Tara rupanya bukan sembarang perampok pula, dia memiliki ilmu yang cukup tinggi, terutama ilmu yang membuat orang agar kasihan kepadanya dan memiliki ilmu pemikat wanita yang disebut Pelet Segegok khasa. Jika wanita telah terkena ilmu ini, maka walaupun apa saja yang terjadi, dia tidak akan bisa berbuat lain kecuali ikut si lelaki itu, walaupun dia sudah kawin dengan orang lain tapi dia tidak akan merasa puas sebelumnya kawin dengan orang yang memeletnya itu baik secara syah atau tidak.
Waktu berjalan terus, Tara masih tetap sebagai tahan Sakawira, Sedangkan Sakawira sendiri tak sedikitpun menaruh curiga pada Tara, karena menurut penelitiannya, kerja sangat rajin dan sangat patuh sekali. Lain halnya bagi Tara sendiri, dia menaruh dendam yang dalam kepada Sakawira, karena dia melhat bagaimana nasib kawan-kawannya yang telah dirobek-robek oleh buaya dan bagaimana kelanjutan akan nasibnya sendiri, dia belum tahu. Maka secara diam-diam, Tara menyelidiki di mana letak kelemahan Sakawira.

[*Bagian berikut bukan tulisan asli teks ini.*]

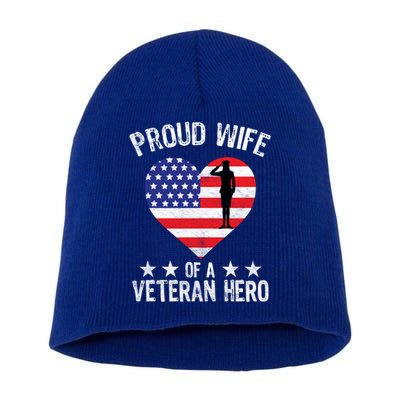 America Wife American Flag Veterans Day Patriotic Gift Short Acrylic Beanie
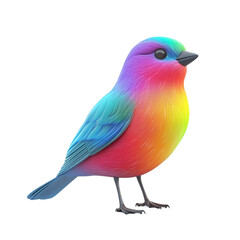 Rainbow Bird Colorful Avian Digital Art Vivid Feathers,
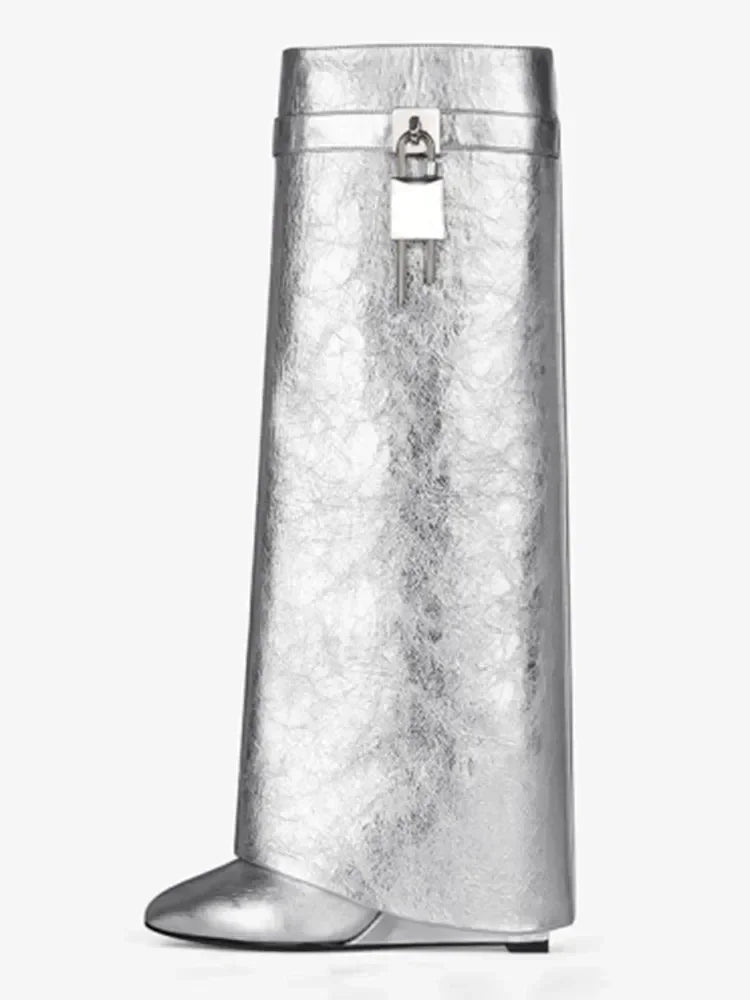 Over The Knee Lock Leather Boots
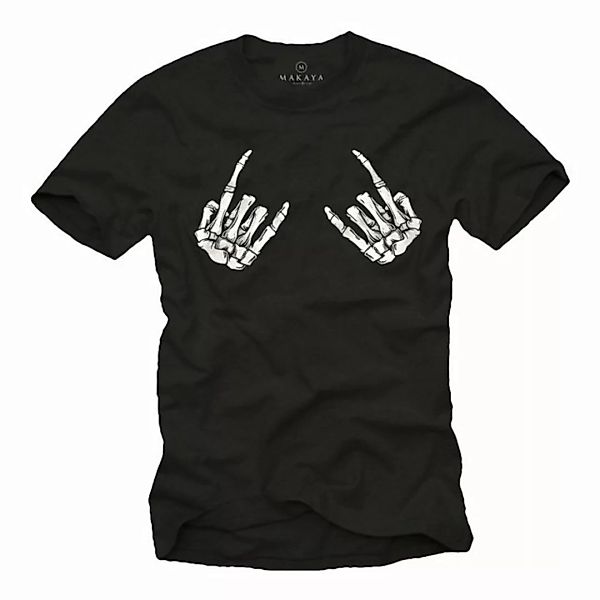MAKAYA Print-Shirt Herren Skull Hard Rock Totenkopf Musiker Bandshirt Heavy günstig online kaufen
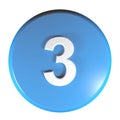 Number 3 blue circle push button - 3D rendering illustration Royalty Free Stock Photo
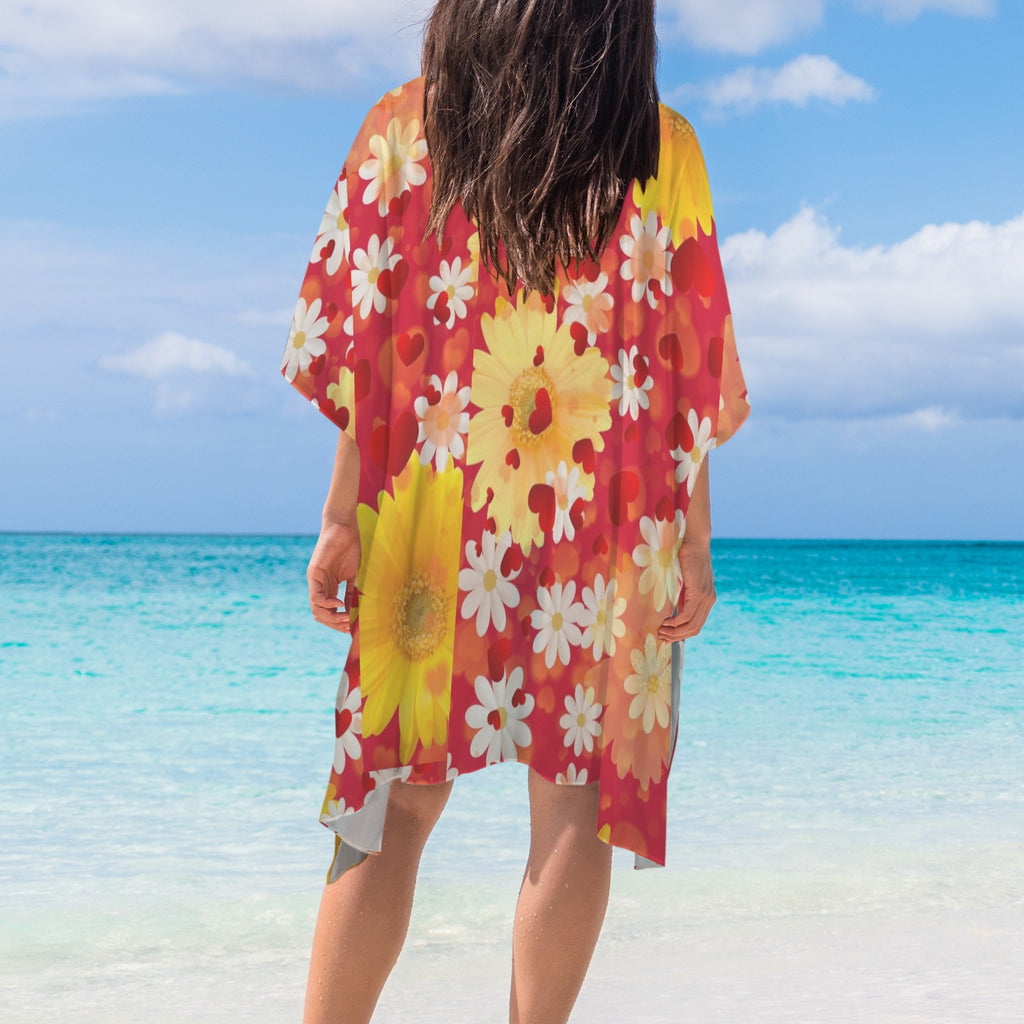 Hearts and Daisies Long Chiffon Kimono - Exclusive Designer Line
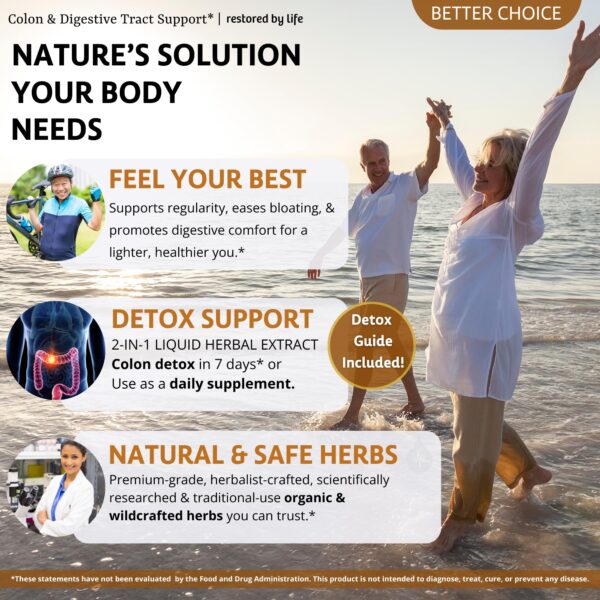 Fórmula desintoxicación colon Restored By Life 2 oz botella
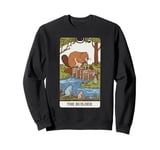 Fun Tarot Card The Builder Beaver Building Spiritual Reader Sweatshirt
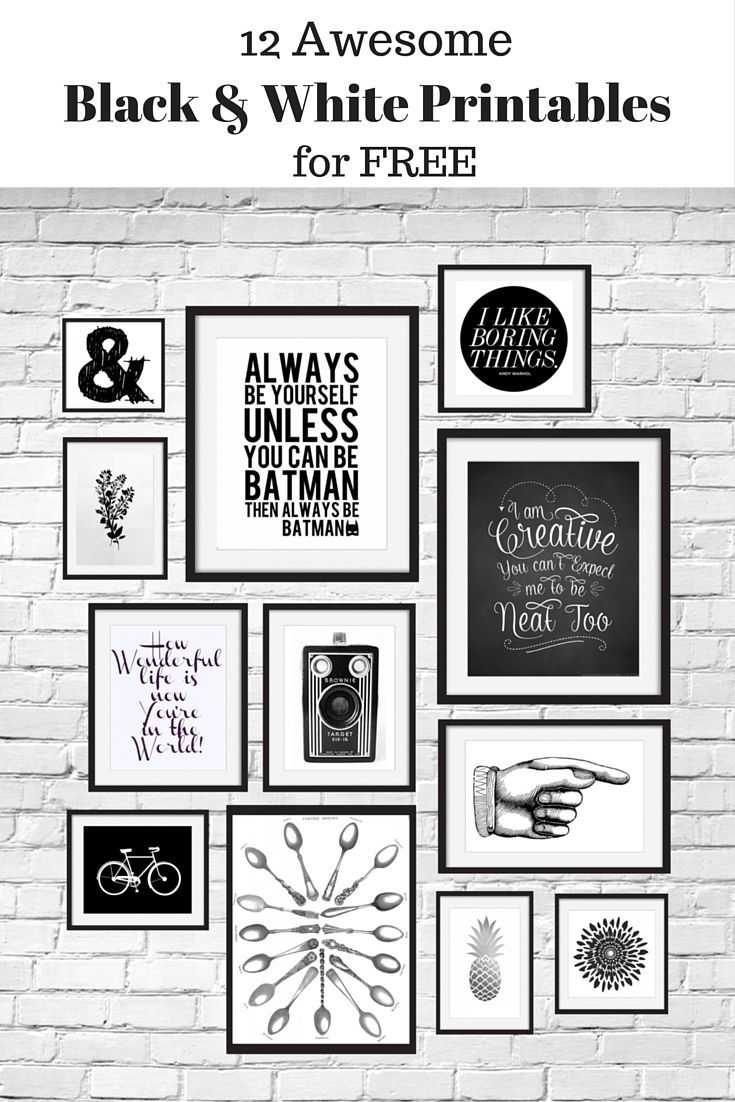 12 Free Black And White Printables Great For Using In Your Gallery For White Wall Art (View 20 of 20)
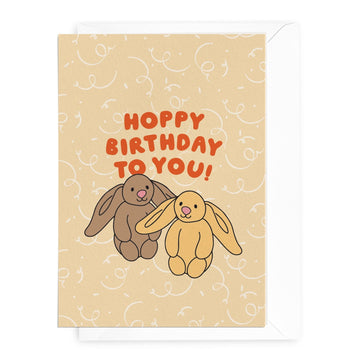 'Hoppy Birthday to You!' Bunnies Greeting Card - Honest Paper - 5061008170114
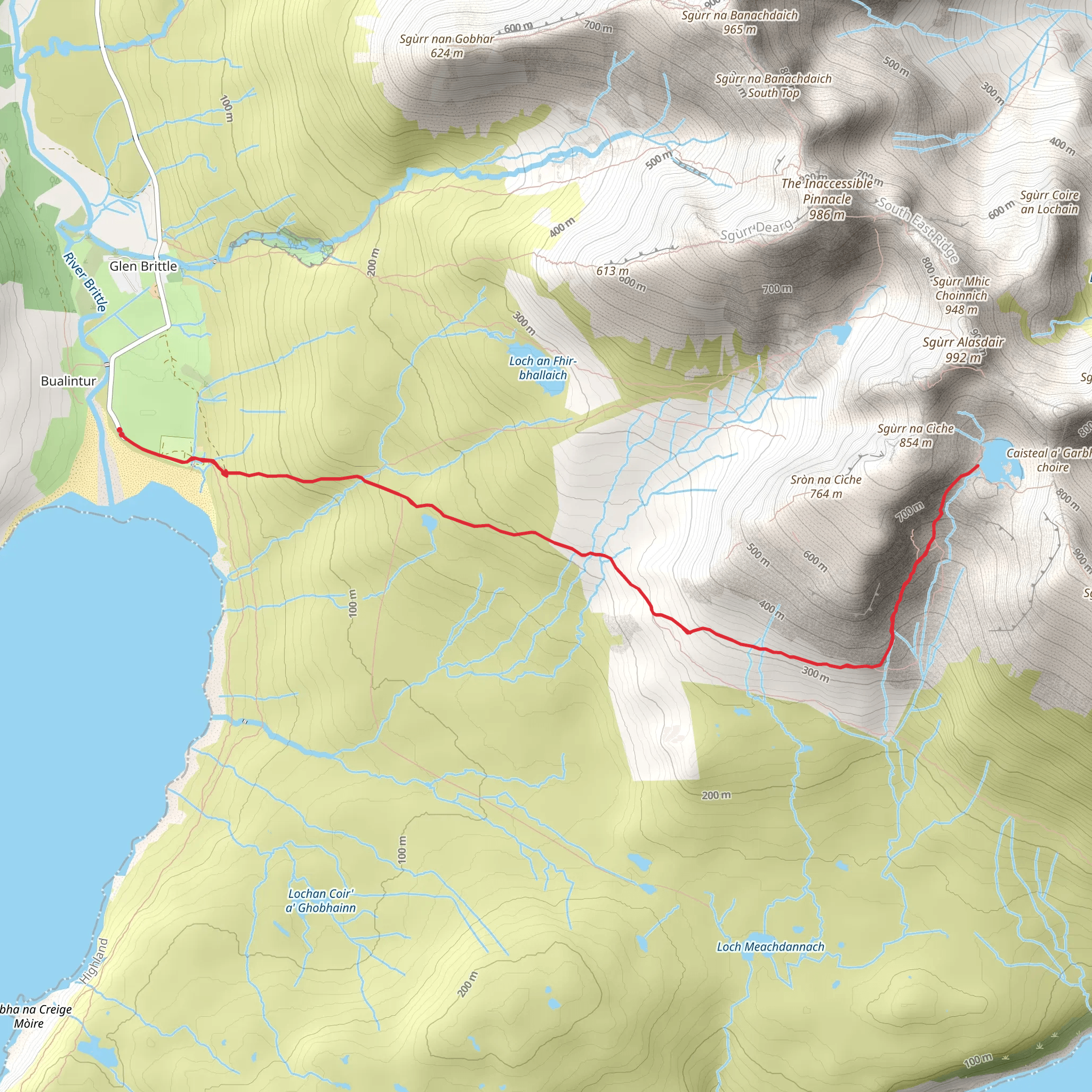 Loch Coir' a' Ghrunnda Walk mobile static map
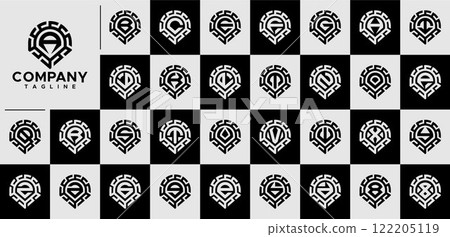 Dynamic line abstract shape letter A-Z logo set 122205119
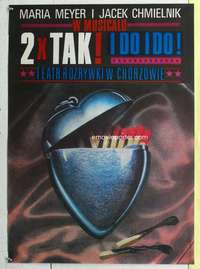 c259 2XTAK I DO I DO Polish 26x38 movie poster '89 great Szaybo matches art!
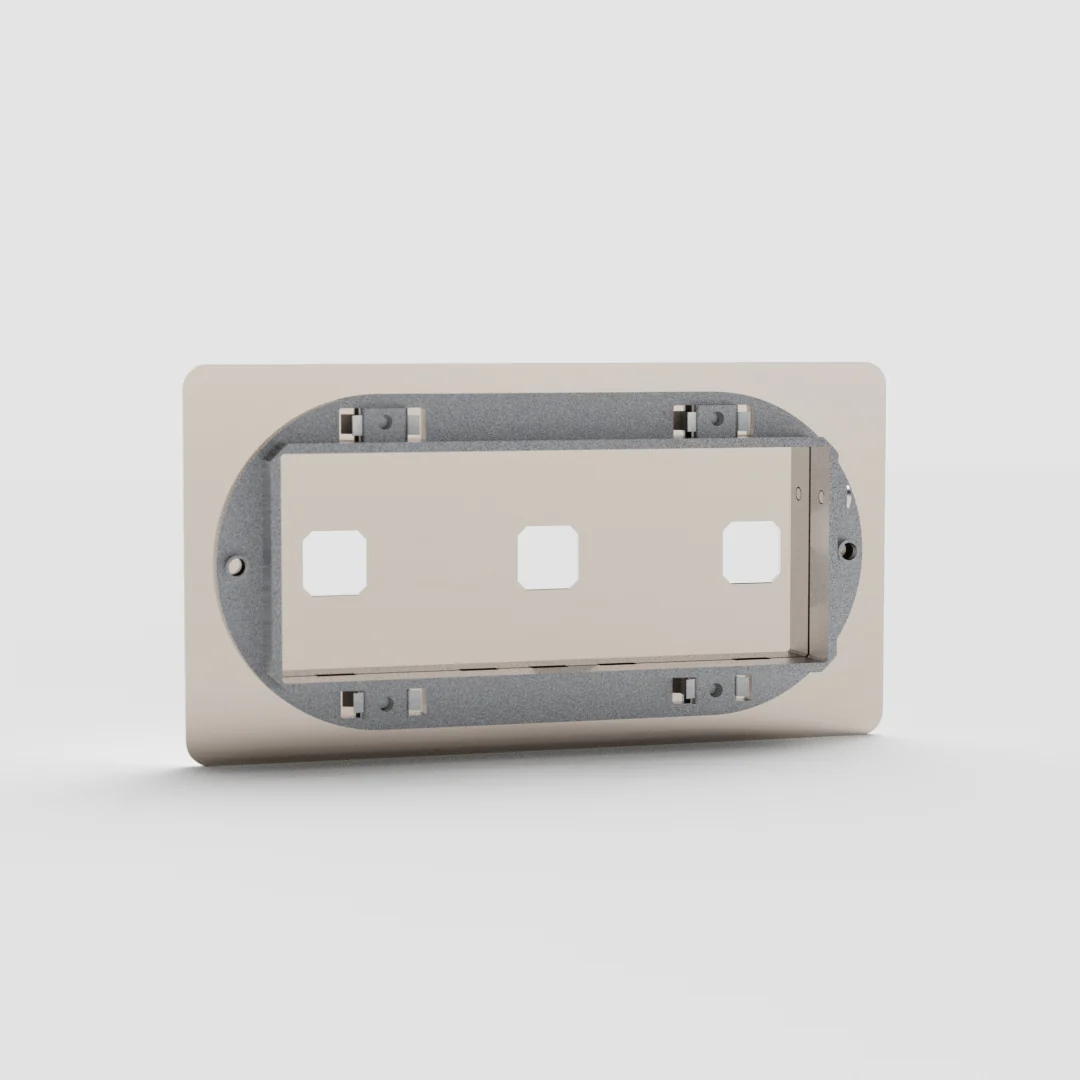 Kew Double 3x Switch Plate - Polished Nickel - Image 2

Pada suatu saat. Tara menanyakan kepada Wara, apakah dia tahu, dimana letak kelemahan Sakawira yang masih polos itu tak tahu menahu apa maksud Tara. Ia menjawab, "Aku tak tahu pasti tentang kelemahan Sakawira, hanya aku tahu dia kurang memperhatikan istrinya yang nomor 6, yaitu Kumbang Paya, karena istrinya ini sangat benci dan iri pada istri muda Sakawira yang paling dikasihi yang bersemayam di Rawa Benig. Selain itu aku tak tahu." Demikianlah jawaban Wara. Jawabara. Wara ini cukup jadi peluang bagi Tara untuk memulai melaksanakan pembalasan.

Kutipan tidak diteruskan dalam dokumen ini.